I was reading an article that had been posted on SSRN and noticed that every page had a header reading:
Work in progress. Please get permission from the author before citing this piece.
Bold typeface and all.
Granting that I'm a cranky curmudgeon, but this is just stupid. Why would you post a draft to SSRN--which anybody anywhere in the world with access to a search engine can download, copy, cite, quote, plagiarize or what have you--and try to protect it from being cited or quoted?
Look, if your article is not ready for prime time, don't put it on the internet where everything lives forever. If it is ready, let people do what they want with it.
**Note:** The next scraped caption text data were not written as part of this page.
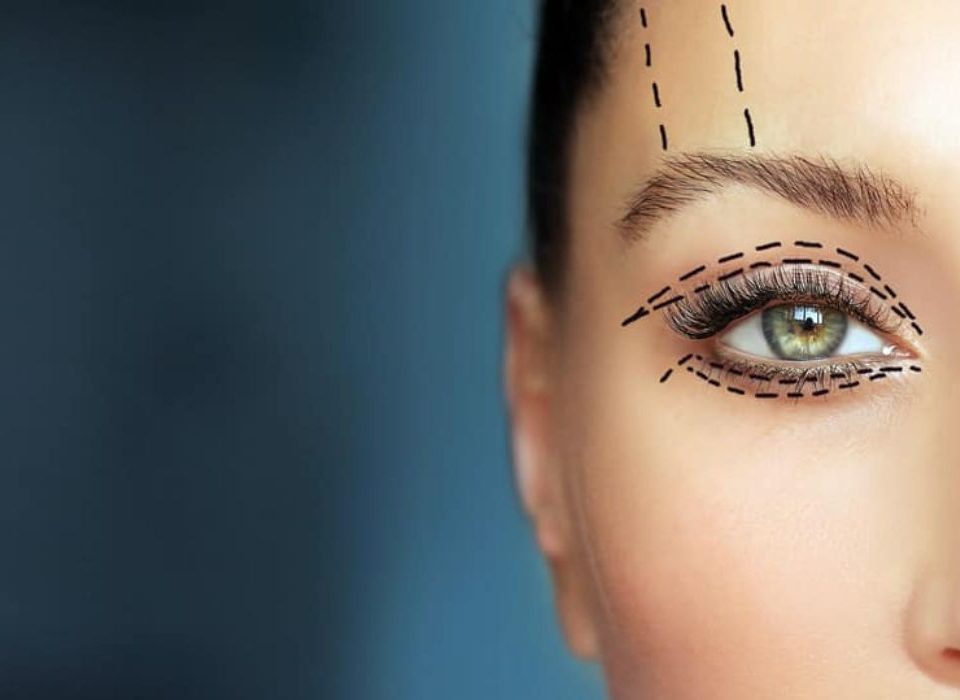 تدلي الجفون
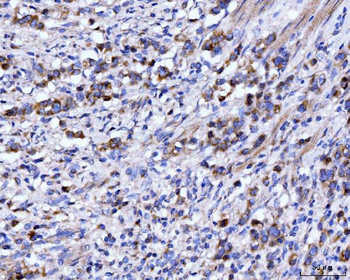 DHODH Mouse Monoclonal Antibody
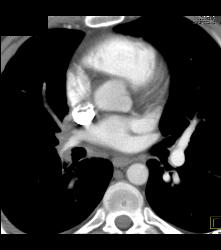 Sarcoidosis With Encased Right Pulmonary Vein - CTisus CT Scan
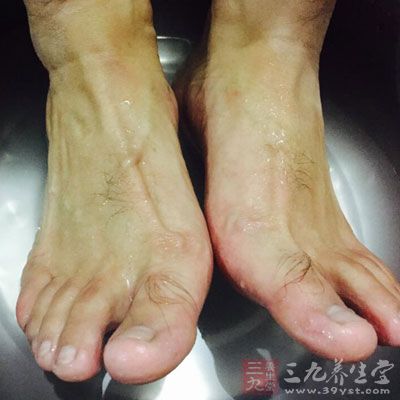 用泻盐和热水的混合溶液浸泡双脚可以暂时缓解疼痛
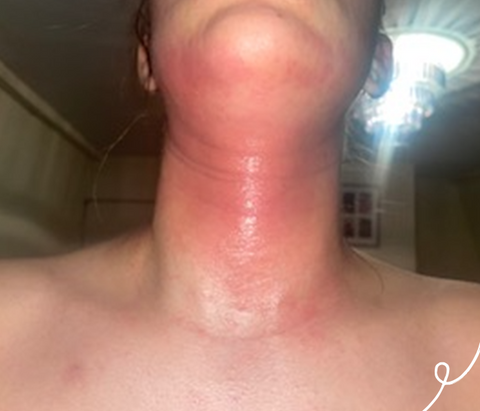 women's neck with eczema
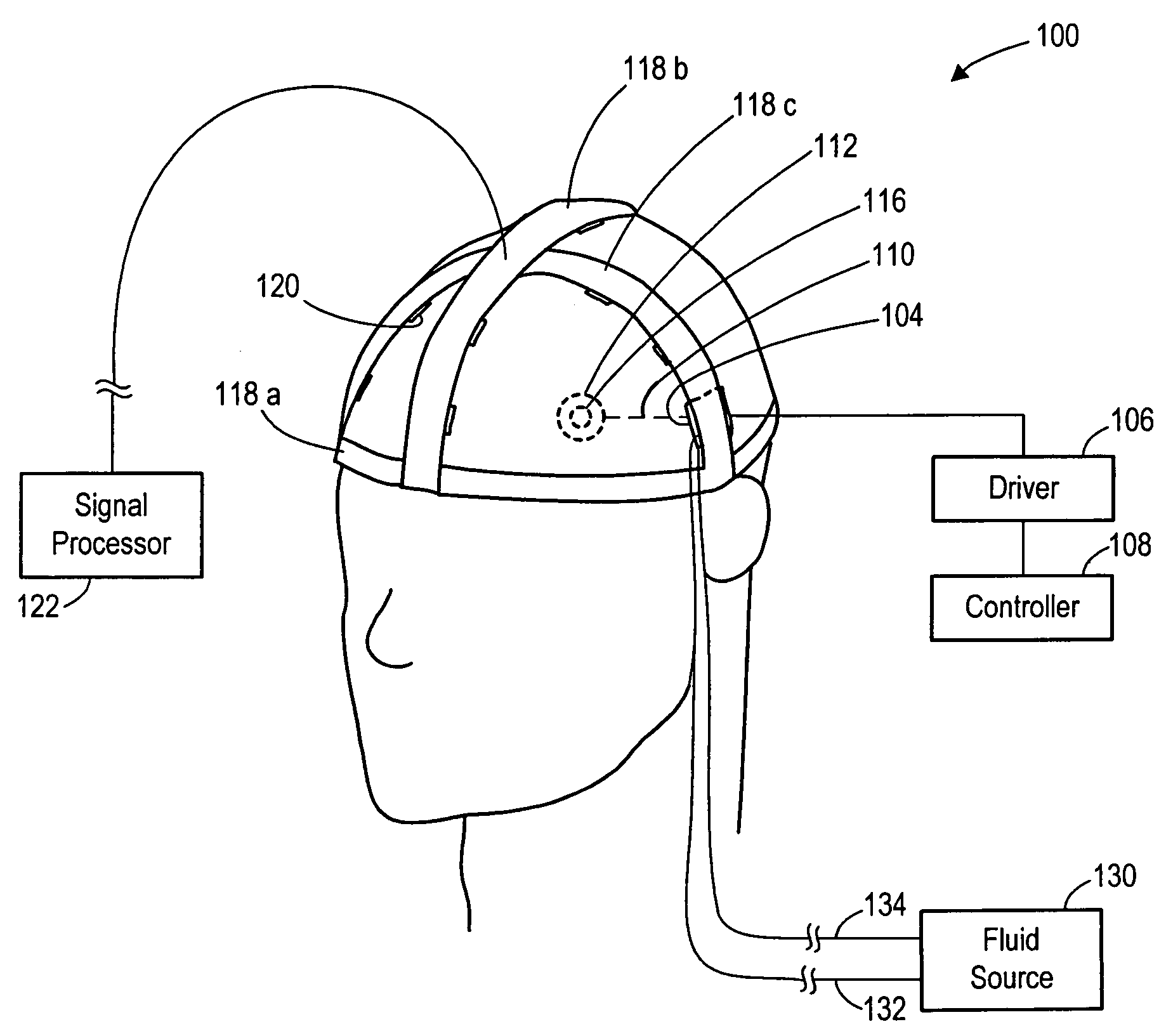 Apparatus and methods for delivering acoustic energy to body tissue
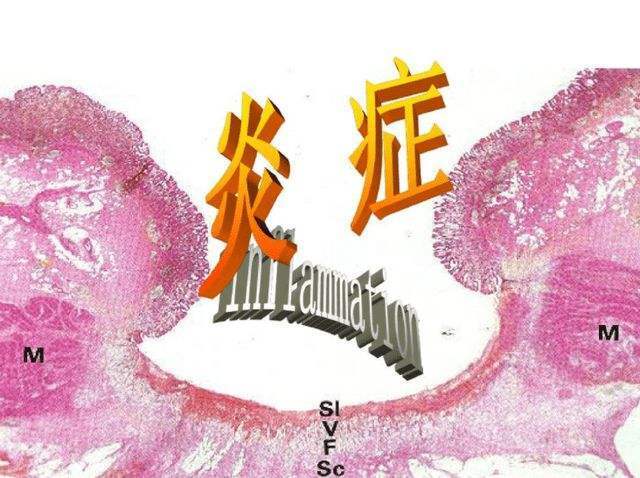 圖文圖片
Update: From Larry Solum's blog:
Lee Anne Fennell (University of Chicago Law School) has posted Do Not Cite or Circulate (Green Bag 2d (2015 Forthcoming)) on SSRN. Here is the abstract:
This short essay ponders why legal scholars attach formulations such as "Do Not Cite or Circulate" to draft works. It argues against the practice in most circumstances, particularly for work posted on the internet.
And from the article:
If a draft still needs a lot of work, the phrase “preliminary and incomplete” might be added. It signals that there’s a later draft to come, but doesn’t tell readers what to do with the draft in their hands. Another alternative is something like this: “Draft [date]; contact author at [email] for the most recent version.” This works well too, assuming one does eventually generate a more recent version. Best of all is to indicate where the paper is forthcoming, once one knows. This does a world of good in inducing accurate updating without reducing the chance that you’ll be cited at all. The use of an “Academic Circulation Encouraged” or “ACE” label would also be helpful in clarifying how the work can be used.
Highly recommended & in my opinion correct. Download it while its hot!